As the spring sitting of Parliament winds down, the government has decided to be maximally ham-fisted in order to ram through several bills for no good reason at all. In the Commons, they put through a programming motion to speed through the lawful access bill (which, to be clear, is a very bad bill that is going to get struck down by the Supreme Court of Canada), but this motion was full of procedural fuckery, including retroactive deadlines on amendments, and no time to debate the amendments that they did have prepared, so they were going to be straight up-down votes, because they insist that this pass the Commons before they rise, even though the Senate is not going to look at it until the fall. Why the rush? Because they are reaching the kinds of arrogance that is the usual Achilles heel of the Liberals, and it’s going to cost them.

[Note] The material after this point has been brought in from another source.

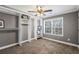 Bedroom showcasing ample closet space, neutral walls, and a well-lit window at 260 Mansell Cir, Roswell, GA 30075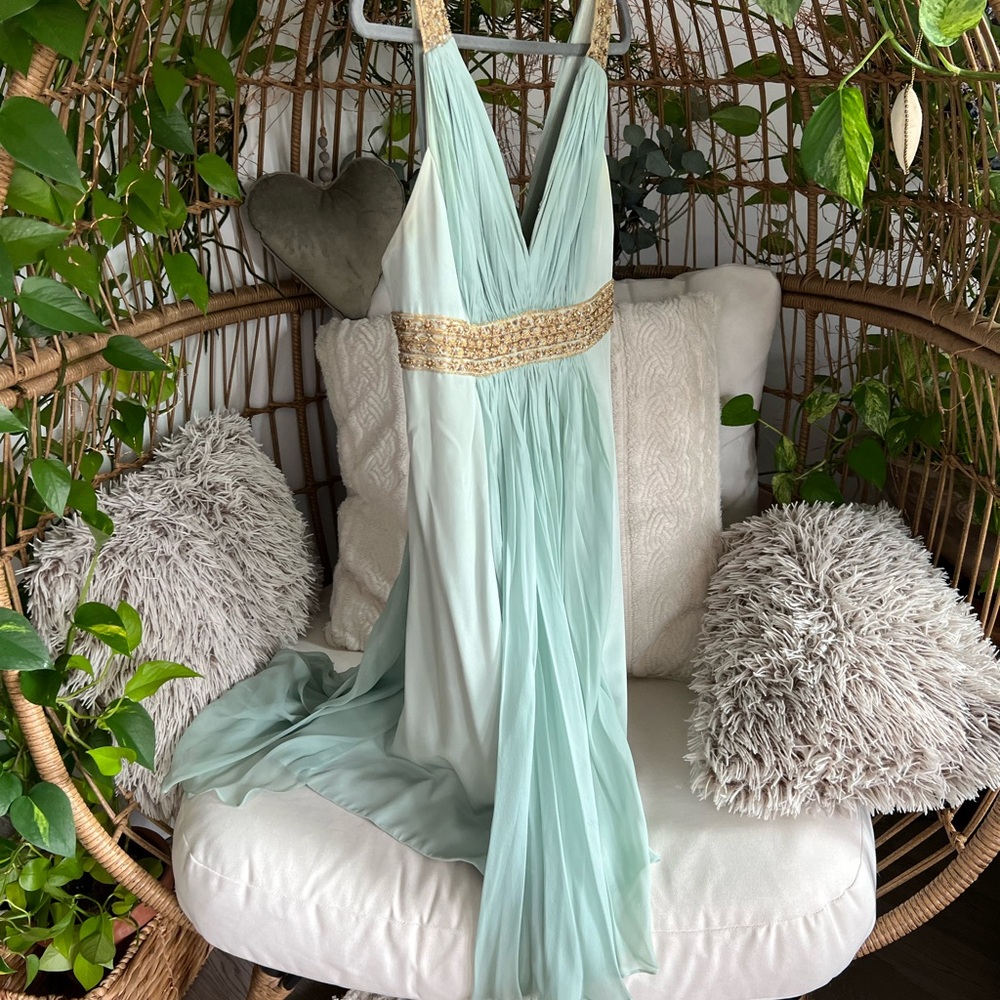 Elegant Light Blue Gown with Gold Accents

This is exactly the Liberal arrogance that always, without fail, comes to bite them in the ass.

Dale Smith (@journodale.bsky.social) 2026-06-17T01:19:27.773Z

Over on the Senate side, they have also put through a programming motion on three bills that the government insists they need passed before the summer, but this motion essentially gives these complex pieces of legislation a single day of study at committee at which point they are deemed to have passed, no matter if they vote or not. That’s absolutely insane, and quite frankly abusive, and is contemptuous of the job the Senate is supposed to be doing. But this is how Carney and his crew have decided they want to treat Parliament. I would say it’s unbelievable, but no, we’ve come to expect this kind of behaviour, and it needs to be callsed out.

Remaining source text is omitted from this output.